In the first week that passed since I left America, our entire world changed. I passed the time in quarantine sobering up; no access to booze, nor time for anything but work and family, vices traded for reflections on old habits that died hard. Some people call going to jail going to school, and that’s how I felt: powerless, like a child, in a totally new place waiting to be told what to do.
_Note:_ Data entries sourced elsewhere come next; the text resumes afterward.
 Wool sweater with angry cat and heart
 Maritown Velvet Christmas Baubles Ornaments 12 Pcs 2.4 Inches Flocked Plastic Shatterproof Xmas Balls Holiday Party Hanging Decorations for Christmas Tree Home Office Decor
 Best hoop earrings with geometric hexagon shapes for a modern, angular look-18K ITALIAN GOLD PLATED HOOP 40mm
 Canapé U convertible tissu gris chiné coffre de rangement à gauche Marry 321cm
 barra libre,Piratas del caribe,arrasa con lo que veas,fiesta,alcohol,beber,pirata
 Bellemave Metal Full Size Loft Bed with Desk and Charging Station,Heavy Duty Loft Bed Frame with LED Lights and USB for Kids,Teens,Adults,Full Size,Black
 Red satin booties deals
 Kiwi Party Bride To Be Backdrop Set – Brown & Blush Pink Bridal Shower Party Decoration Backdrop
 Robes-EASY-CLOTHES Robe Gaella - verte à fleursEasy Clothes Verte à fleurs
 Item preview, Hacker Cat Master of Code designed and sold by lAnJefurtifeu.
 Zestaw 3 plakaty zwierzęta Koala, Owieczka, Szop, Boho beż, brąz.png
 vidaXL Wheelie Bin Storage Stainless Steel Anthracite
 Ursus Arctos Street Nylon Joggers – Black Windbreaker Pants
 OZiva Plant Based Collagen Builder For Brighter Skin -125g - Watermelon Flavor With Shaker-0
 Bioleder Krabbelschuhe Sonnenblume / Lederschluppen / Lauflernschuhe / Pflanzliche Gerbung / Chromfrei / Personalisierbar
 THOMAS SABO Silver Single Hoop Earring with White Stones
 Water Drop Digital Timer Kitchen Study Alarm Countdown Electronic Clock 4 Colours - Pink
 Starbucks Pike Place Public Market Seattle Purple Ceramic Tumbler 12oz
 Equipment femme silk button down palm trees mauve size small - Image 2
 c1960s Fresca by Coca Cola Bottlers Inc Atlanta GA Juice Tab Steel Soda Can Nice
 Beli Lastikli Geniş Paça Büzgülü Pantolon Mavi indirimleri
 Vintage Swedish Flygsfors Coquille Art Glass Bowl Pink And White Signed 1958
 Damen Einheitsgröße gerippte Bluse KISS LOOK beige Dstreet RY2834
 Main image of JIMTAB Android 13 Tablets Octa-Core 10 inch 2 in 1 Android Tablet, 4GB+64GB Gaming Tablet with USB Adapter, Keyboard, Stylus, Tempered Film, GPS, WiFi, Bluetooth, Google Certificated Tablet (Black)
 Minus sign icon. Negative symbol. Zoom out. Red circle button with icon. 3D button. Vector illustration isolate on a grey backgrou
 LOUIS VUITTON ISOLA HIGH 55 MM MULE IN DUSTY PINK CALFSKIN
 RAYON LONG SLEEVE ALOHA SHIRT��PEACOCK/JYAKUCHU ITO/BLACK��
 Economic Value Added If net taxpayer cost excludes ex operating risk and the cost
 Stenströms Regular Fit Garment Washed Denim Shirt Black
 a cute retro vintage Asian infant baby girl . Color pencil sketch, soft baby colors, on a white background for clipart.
Before we came to Korea, Sumi’s family had hastily setup our apartment. It was clean and all the essentials were there- towels, toilet tissue, and internet fast enough to continue my work. My kids had just enough drawing paper and off-brand legos to occupy themselves for the two weeks we’d be stuck inside. My wife spent the little free time she had between feedings and cleanings filling in the gaps online. Deliveries came via intercom, and boxes and trash were picked up the same way. Our only interactions with the outside world were with Sumi’s family, who came by several times to drop off groceries and other necessities. They never stepped through our doors, but they yelled hello and goodbye loud enough to make my wife cry. We felt their presence from day one; from the small but essential considerations (like extra soap), to the notes left in drawers and walls written in broken English throughout the house, I had never felt more welcomed and so lonely.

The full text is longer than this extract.